THE PROBLEM → Give again, word for word, the lines below that run from the line with "Now I'm going" through the line with "Hello, welcome to". Drop the pictures.

LISTED ENTRIES →
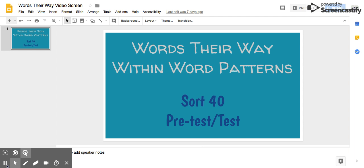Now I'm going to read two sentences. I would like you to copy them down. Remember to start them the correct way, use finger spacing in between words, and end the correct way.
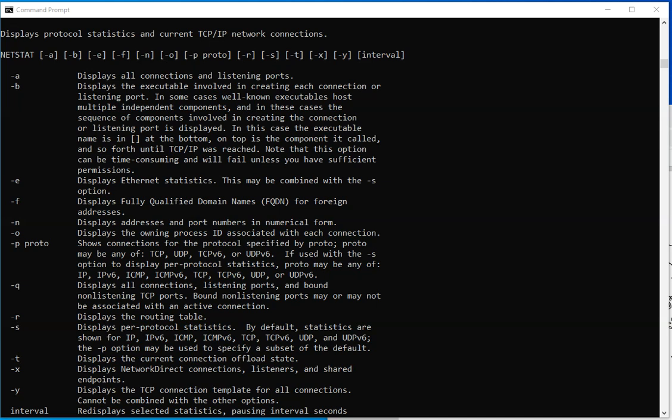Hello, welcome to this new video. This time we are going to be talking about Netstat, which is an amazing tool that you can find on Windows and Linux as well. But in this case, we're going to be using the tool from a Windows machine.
...
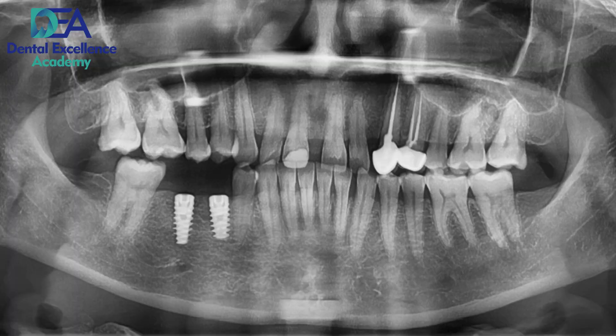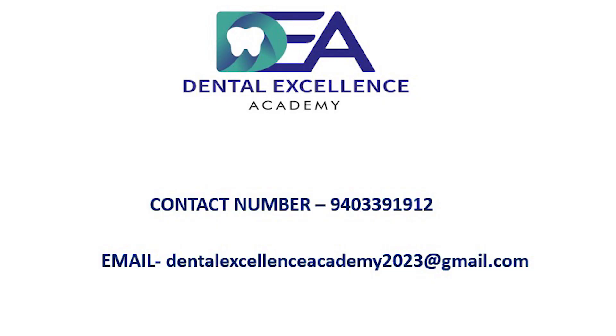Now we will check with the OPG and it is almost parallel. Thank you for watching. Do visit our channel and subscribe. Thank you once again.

REPLY TO THE TASK →
Now I'm going to read two sentences. I would like you to copy them down. Remember to start them the correct way, use finger spacing in between words, and end the correct way.
Hello, welcome to this new video. This time we are going to be talking about Netstat, which is an amazing tool that you can find on Windows and Linux as well. But in this case, we're going to be using the tool from a Windows machine.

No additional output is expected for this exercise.